What you have to do
After locating the line that contains "2290 S Sunrise Cir, Warsaw, IN 46580" in the records below, write out exactly that line and each line after it through the one that contains "Posezení v ubytování", and nothing else.

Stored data
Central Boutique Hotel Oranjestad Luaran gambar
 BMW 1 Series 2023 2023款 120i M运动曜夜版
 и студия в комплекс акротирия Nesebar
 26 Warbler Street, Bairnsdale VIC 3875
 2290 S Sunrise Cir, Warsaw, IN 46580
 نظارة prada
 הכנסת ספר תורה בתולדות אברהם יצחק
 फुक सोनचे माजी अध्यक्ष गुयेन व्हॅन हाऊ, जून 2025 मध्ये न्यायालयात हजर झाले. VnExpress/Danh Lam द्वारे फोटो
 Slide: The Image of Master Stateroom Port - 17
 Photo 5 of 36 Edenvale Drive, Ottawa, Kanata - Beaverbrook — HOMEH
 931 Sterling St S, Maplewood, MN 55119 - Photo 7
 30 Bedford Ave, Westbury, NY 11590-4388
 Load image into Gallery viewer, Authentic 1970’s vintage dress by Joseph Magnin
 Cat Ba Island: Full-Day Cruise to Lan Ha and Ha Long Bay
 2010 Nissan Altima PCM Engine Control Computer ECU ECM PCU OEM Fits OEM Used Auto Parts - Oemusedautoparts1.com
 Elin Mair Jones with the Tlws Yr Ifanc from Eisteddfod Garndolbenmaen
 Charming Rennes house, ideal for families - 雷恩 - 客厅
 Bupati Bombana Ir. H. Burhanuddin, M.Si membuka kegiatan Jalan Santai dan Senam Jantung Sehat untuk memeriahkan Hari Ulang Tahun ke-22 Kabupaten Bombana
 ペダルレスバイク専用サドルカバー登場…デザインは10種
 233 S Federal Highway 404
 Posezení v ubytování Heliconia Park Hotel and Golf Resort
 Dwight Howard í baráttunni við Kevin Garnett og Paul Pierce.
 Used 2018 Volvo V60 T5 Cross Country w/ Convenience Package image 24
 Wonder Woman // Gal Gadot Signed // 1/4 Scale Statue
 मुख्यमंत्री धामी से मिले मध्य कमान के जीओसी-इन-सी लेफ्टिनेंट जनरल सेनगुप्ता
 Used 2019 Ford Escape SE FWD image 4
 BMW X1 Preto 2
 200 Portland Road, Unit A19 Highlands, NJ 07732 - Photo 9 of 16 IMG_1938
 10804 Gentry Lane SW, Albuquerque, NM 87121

Task response
 2290 S Sunrise Cir, Warsaw, IN 46580
 نظارة prada
 הכנסת ספר תורה בתולדות אברהם יצחק
 फुक सोनचे माजी अध्यक्ष गुयेन व्हॅन हाऊ, जून 2025 मध्ये न्यायालयात हजर झाले. VnExpress/Danh Lam द्वारे फोटो
 Slide: The Image of Master Stateroom Port - 17
 Photo 5 of 36 Edenvale Drive, Ottawa, Kanata - Beaverbrook — HOMEH
 931 Sterling St S, Maplewood, MN 55119 - Photo 7
 30 Bedford Ave, Westbury, NY 11590-4388
 Load image into Gallery viewer, Authentic 1970’s vintage dress by Joseph Magnin
 Cat Ba Island: Full-Day Cruise to Lan Ha and Ha Long Bay
 2010 Nissan Altima PCM Engine Control Computer ECU ECM PCU OEM Fits OEM Used Auto Parts - Oemusedautoparts1.com
 Elin Mair Jones with the Tlws Yr Ifanc from Eisteddfod Garndolbenmaen
 Charming Rennes house, ideal for families - 雷恩 - 客厅
 Bupati Bombana Ir. H. Burhanuddin, M.Si membuka kegiatan Jalan Santai dan Senam Jantung Sehat untuk memeriahkan Hari Ulang Tahun ke-22 Kabupaten Bombana
 ペダルレスバイク専用サドルカバー登場…デザインは10種
 233 S Federal Highway 404
 Posezení v ubytování Heliconia Park Hotel and Golf Resort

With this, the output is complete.